Explicit research in gender and gaming focuses on ways women are excluded and abused that don’t involve physical violence.  Women at fatuglyorslutty.com do this kind of work, exposing the explicit ways women are attacked and badgered in gaming.  Those at The Ada Initiative and Women in Games International also work partly on the explicit level, as they help women connect and share their stories, but also on a physical level as they petition conference organizers and circulate employment information and so on.

Like many women who game, I’ve been called horrible names and hit on incessantly. Been given special treatment in some areas, and completely banned from entering others. We have all faced it and we have all seen it happen. This research does not evoke as much sadness as level 1 research does for me, but rather this research invokes pure rage—perhaps nothing more so than when these attacks are brushed off as “boys being boys” or I am told not to pay attention to it because its just a bunch of pre-pubescent boys.  As a commenter on one of my blogs recently wrote, that excuse has been used for far too long as a way to ignore the serious, institutional problems of how women are treated in tech industries.

 

Work with explicit sexism in games includes work with avatars, examinations of discourse patterns in and around games, looking at forum and other community discussions, and other places language is predominant.  This work is by no means easy, but it is more likely to find sympathetic ears as the evidence is typically overwhelming and present (screen shot it and it did happen).

 

3) Implicit

Like physical sexism, implicit sexism is emotional for many people. This is, in my opinion, the most difficult area to investigate.  Often the proof of this kind of sexism lies in one person’s perception, and far too often this sexism is committed by those we would normally consider our allies. From someone who has many times experienced this type of sexism, I can say that it accompanies feelings of shame (if I had only been better, more skilled, or smarter that wouldn’t have happened to me), feelings that no one will believe you (it’s my word against his), and gaslighting (it wasn’t really that bad; I imagined it).

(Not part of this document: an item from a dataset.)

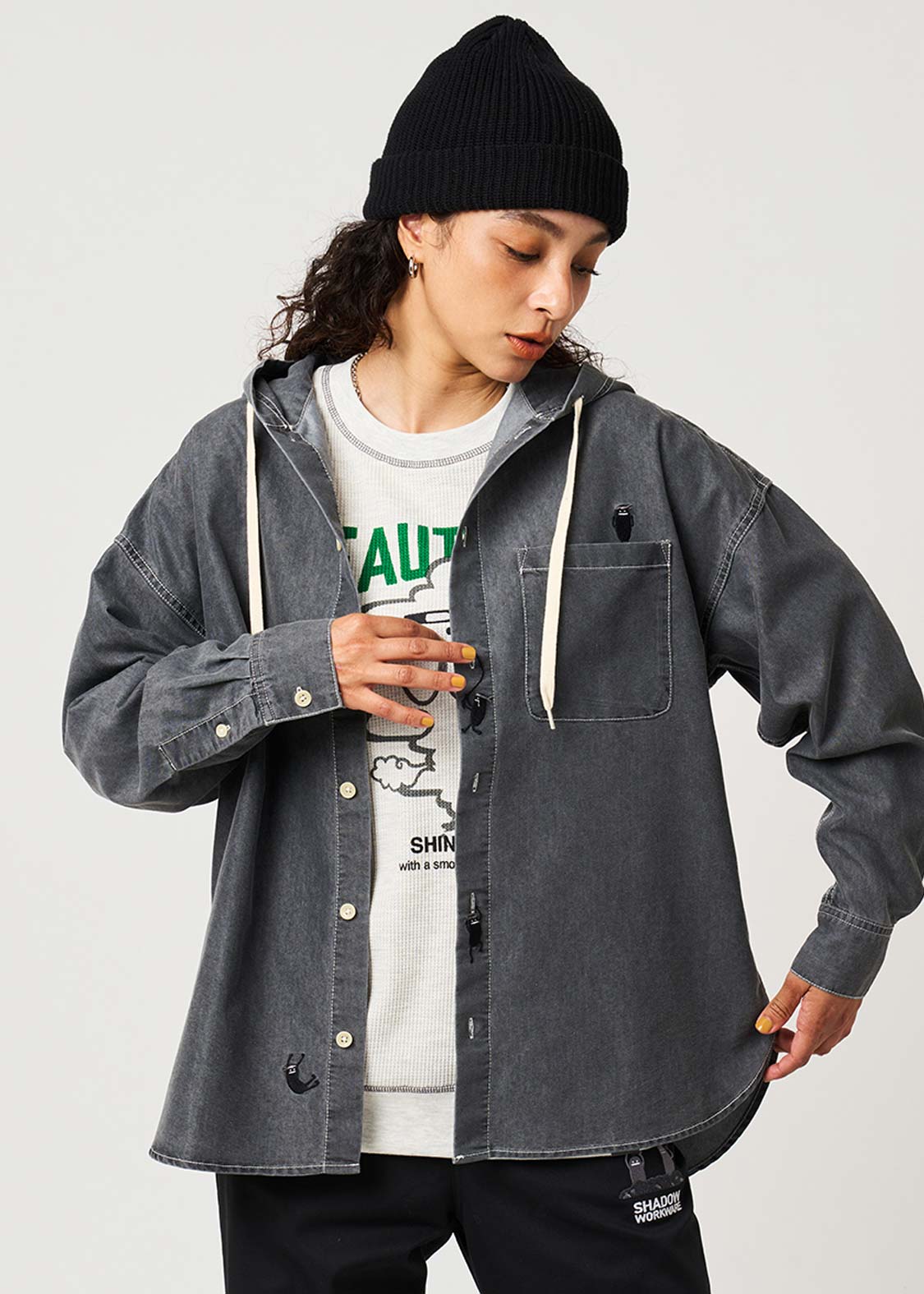 Beautiful Shadow Shinobi | Denim Big Hooded Shirt - Image 6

Implicit sexism exposes the deep, disturbing roots of sexism in our everyday practices.  This is where academics can be the most useful.  We are trained in studying insitutions and their discourse, and many of us use our training to expose how things happen, why things mean and matter, and how meaning shows up for us.  We have many tools in the toolkit to help expose some of the implicit values and beliefs in a culture.  And we can apply that here.

This research is often more nuanced, looking at subtle indicators of beliefs so deeply held that many don’t see them as beliefs, but rather as the way things are.

 

In sum, I hope people can gain something from reading my thoughts on feminist research in games.  I would love if people added their own unique perspectives on anything I’ve discussed.